The delegation also considered the PACE initiative to challenge its credentials a deliberate and unacceptable attempt to unduly interfere with the ongoing electoral process and to undermine the functioning of democratic institutions in Azerbaijan.

But it's not clear from that piece what is the latter stuff they are alluding to. So what did PACE do recently to piss off Azerbaijan? Who challenged Azerbaijan's credentials and in what way?

  • 1
    Not sure that is the specific reason, but just today a German General State Attorney indicted two former members of the Bundestag and PACE representatives of corruption, especially accepting and passing on bribes from Azerbaijan to speak and vote in favor of the country in the assembly.
    – ccprog
    Commented Jan 29 at 16:20

1 Answer 1


Azerbaijan’s delegation challenged at opening of PACE session:

The credentials of Azerbaijan’s delegation to the Parliamentary Assembly of the Council of Europe (PACE) have been challenged on substantive grounds on the opening day of the 2024 winter plenary session.

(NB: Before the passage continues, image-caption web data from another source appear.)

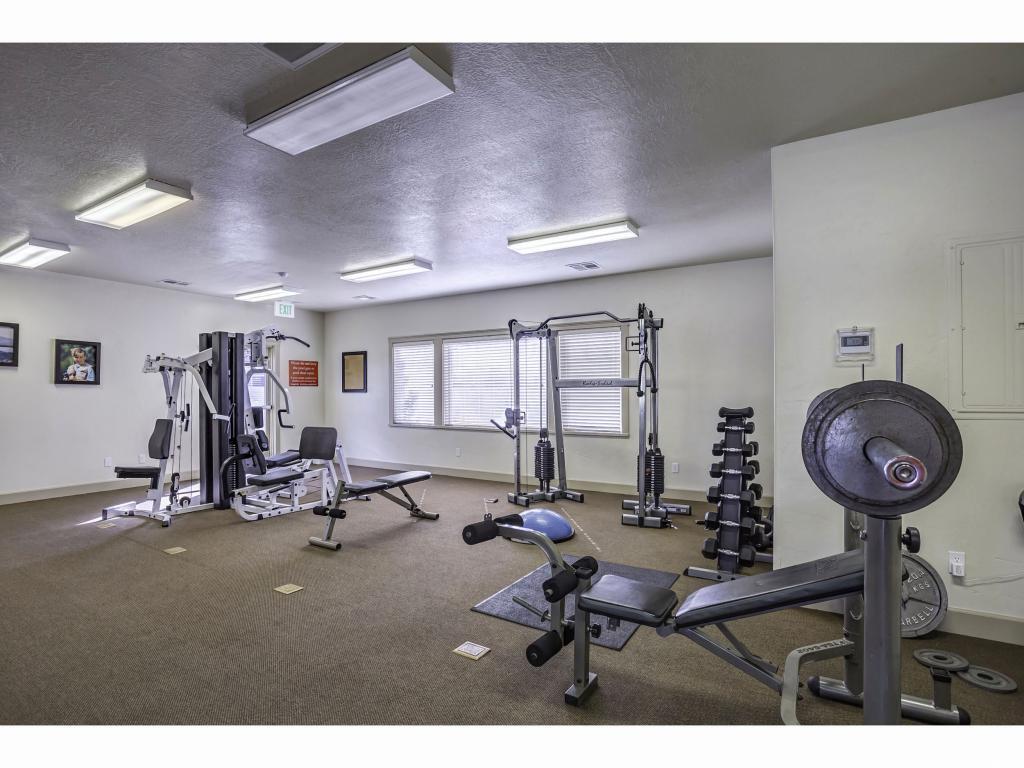 Building Photo - 1252 N Willowbrook Ln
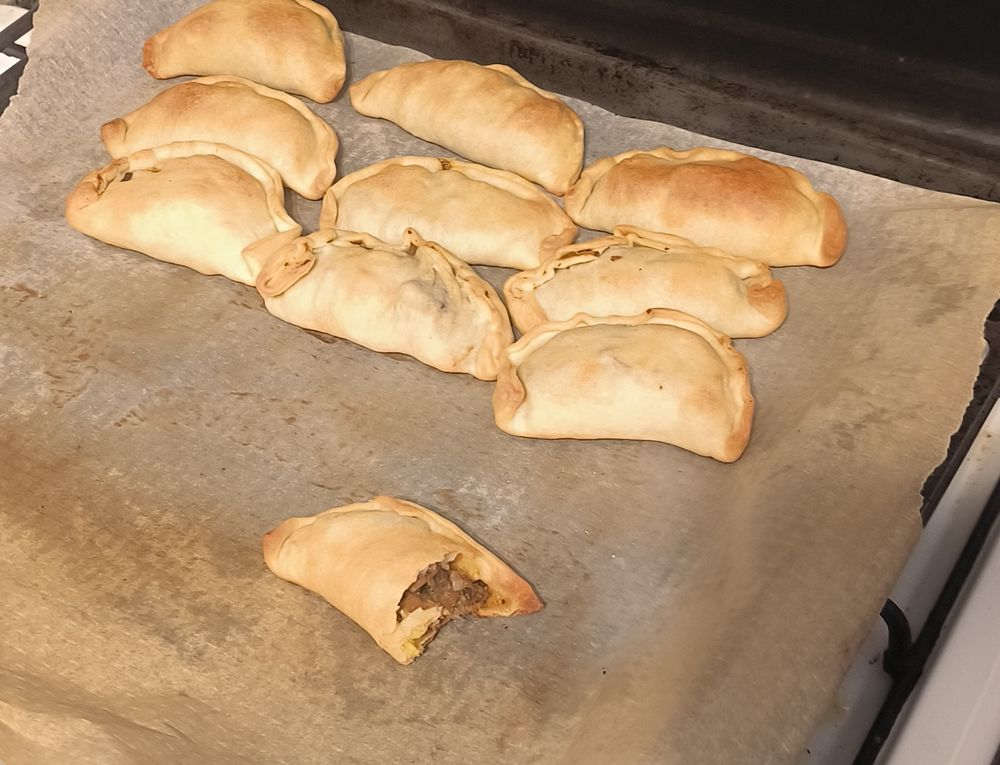 Una bandeja con varias empanadas. 9,5.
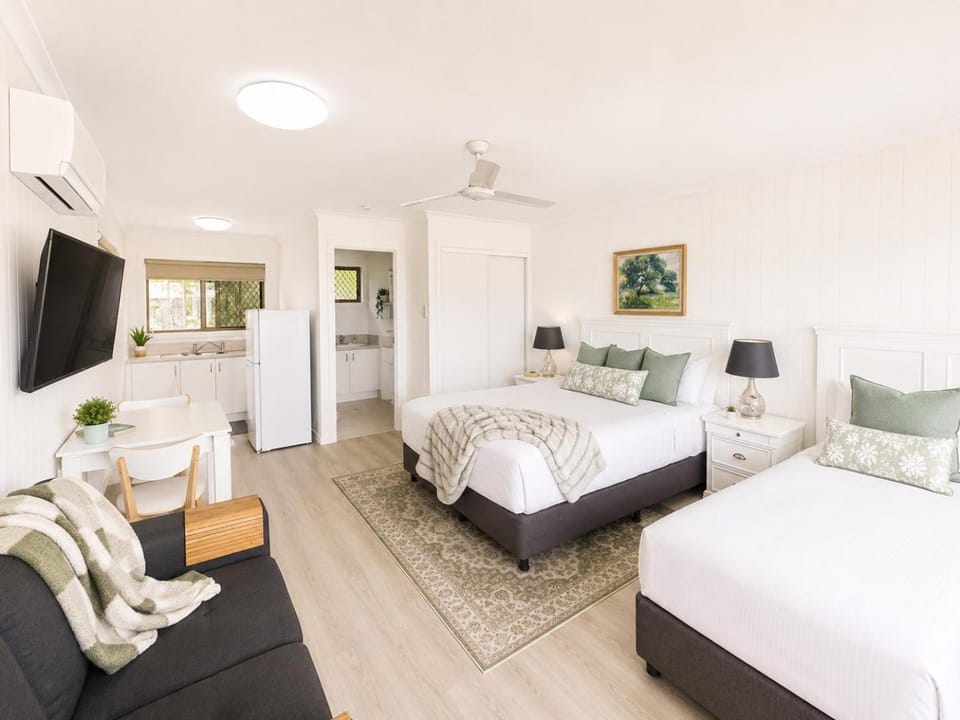 Lakeview Sanctuary - 300m to Beach - Resort Pool Villa in Hervey Bay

Making the challenge, Frank Schwabe (Germany, SOC) cited political prisoners in the country, the violent displacement of people from Nagorno-Karabakh, the fact that Assembly rapporteurs were unable to visit Azerbaijan at least three times during 2023, and the lack of an invitation to the Assembly to observe the country’s 7 February presidential election. He was supported by at least thirty members of the Assembly, belonging to at least five national delegations as required by the Rules.

The challenge was immediately referred to the Assembly’s Monitoring Committee for report and to its Rules Committee for opinion, and will be debated by the Assembly on the evening of Wednesday 24 January.

Facing expulsion, Azerbaijan quits European parliamentary body

In its January 24 session, PACE resolved not to ratify the credentials of Azerbaijan's parliamentary delegation by a vote of 76 to 10, with four abstentions. The body concluded that the country has "not fulfilled major commitments" stemming from its joining the Council of Europe in 2001.

Each year the parliaments of PACE member countries present the credentials of their delegations, and the assembly votes on their ratification.

"Very serious concerns remain as to [Azerbaijan's] ability to conduct free and fair elections, the separation of powers, the weakness of its legislature vis-à-vis the executive, the independence of the judiciary and respect for human rights, as illustrated by numerous judgments of the European Court of Human Rights and opinions of the Venice Commission," the Assembly said in a resolution.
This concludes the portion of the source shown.